There are many things that the complexity calculator could take into account: the specifics of the language, the libraries that are used (which could start threads or contain hidden conditionals), the kind of project (following a spec vs. explorative programming), and so on.

I think it's easy to come up with an algorithm that's better than a coin flip or counting LOC. But to be useful, the algorithm has to be on par with the judgement of the developers who check in the code and review it. Otherwise the false positives will take time away from other bug-reducing activities like code reviews and writing tests.

Of course I don't have data to prove it, but I'm convinced that every complexity checker I've encountered in the last 15 years has been a (small) net negative for the project. Maybe machine learning will improve the situation.

Waterluvian · on March 8, 2021

That's what I was thinking about when I used "ideas". To me there's one main idea in all that code: "we are returning a parsed object of a kind"

Not that I'm trying to sell "ideas". I don't even know. But it's this very loose concept that floats around my mind when writing code. How many ideas are there in a stanza? Ahh too many. I should break out one of the larger ideas to happen before.

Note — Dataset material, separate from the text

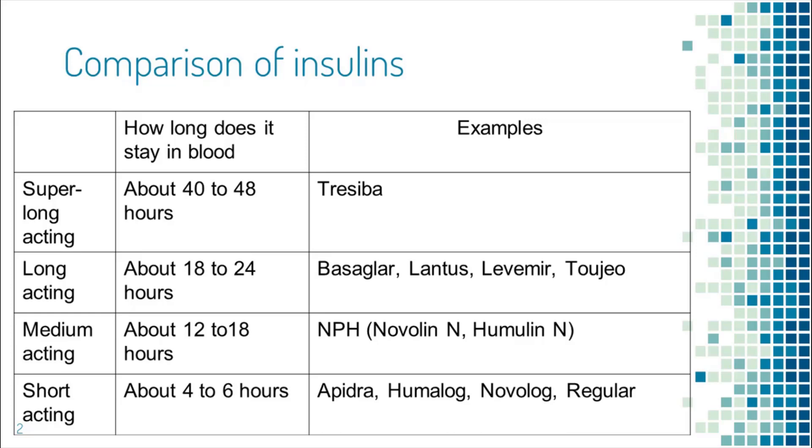Some examples of long-acting insulins are Basaglar, Lantus, Levemir, and Toujeo. They last somewhere between 18 to 24 hours. For Levemir, if the dose is very low — like 20 units or below — it may only last 12 hours.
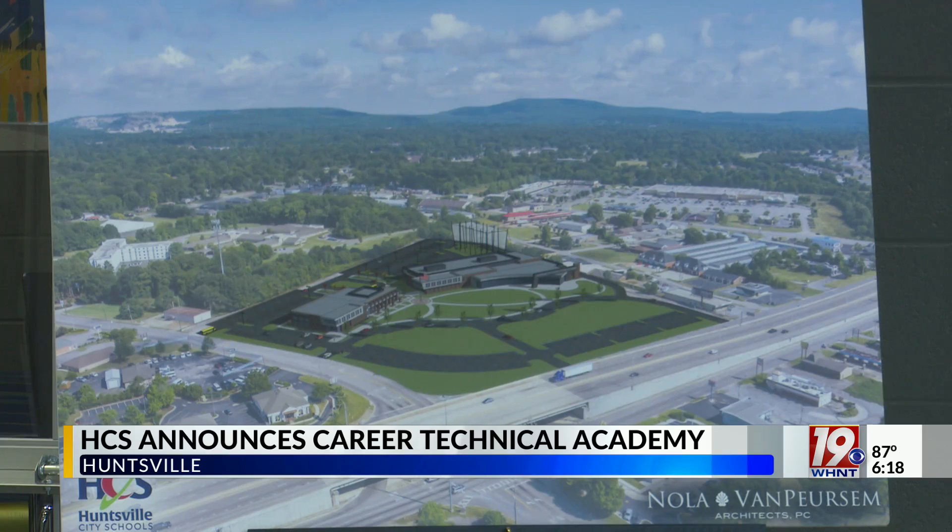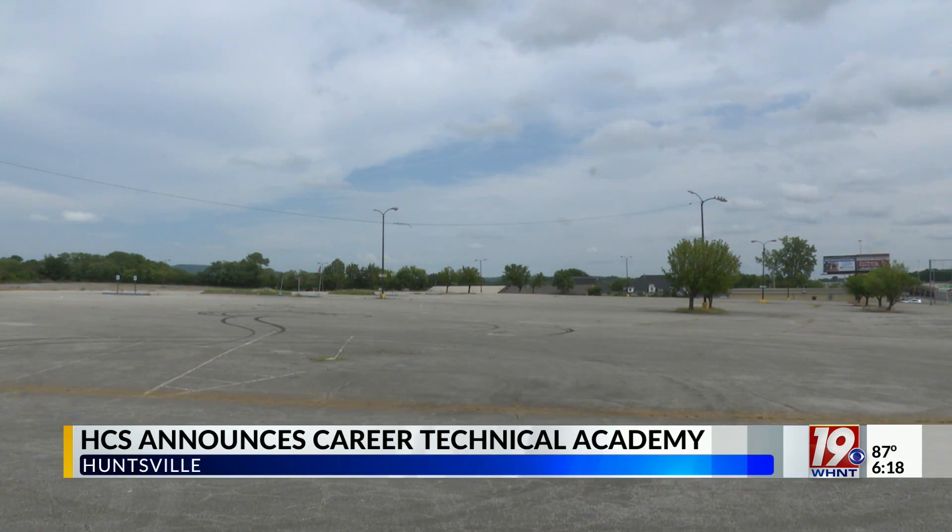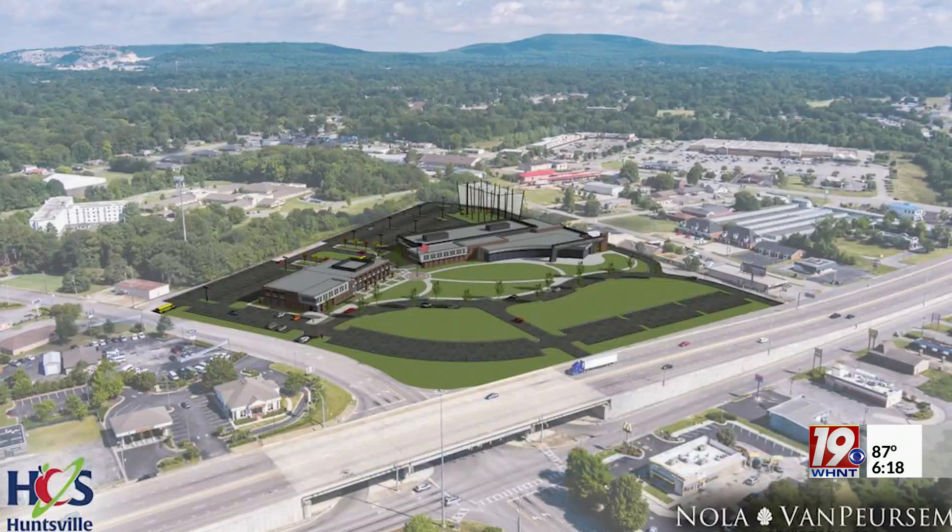Superintendent Christy Finley says the 60,000 square foot facility will cost about 40 million dollars to build, and she says she's most excited about being able to meet the growing need for career technical classes.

segfaultbuserr · on March 8, 2021

Speaking of measuring "ideas", the holy grail of complexity metric is Kolmogorov complexity - theoretically, the inherent complexity of a piece of data (including code) can be defined as the shortest possible program that generates it. For example, 20 million digits of pi or a routine that uses 20 branches to return the same object has low Kolmogorov complexity, because it's easy to write a generator for that, meanwhile a parser is more complex.

But it's only a mathematical construction and is uncomputable, just like the halting problem. In real life, for some applications a good compression algorithm like LZMA is sufficient to approximate it. But I'm not sure if it's suitable for measuring computer programs - it would still have a strong correlation to the number of lines of code.

oftenwrong · on March 8, 2021

This is one of the benefits of Cognitive Complexity:

https://www.sonarsource.com/docs/CognitiveComplexity.pdf

>Switches

>A `switch` and all its cases combined incurs a single structural increment.

>Under Cyclomatic Complexity, a switch is treated as an analog to an `if-else if` chain. That is, each `case` in the `switch` causes an increment because it causes a branch in the mathematical model of the control flow.

>But from a maintainer’s point of view, a switch - which compares a single variable to an explicitly named set of literal values - is much easier to understand than an `if-else if` chain because the latter may make any number of comparisons, using any number of variables and values.

>In short, an `if-else if` chain must be read carefully, while a `switch` can often be taken in at a glance.

slaymaker1907 · on March 8, 2021

Great paper! I particularly liked how they treat boolean expressions. It kind of has a mathematical justification as well since a series of only && or || is trivial for a SAT solver.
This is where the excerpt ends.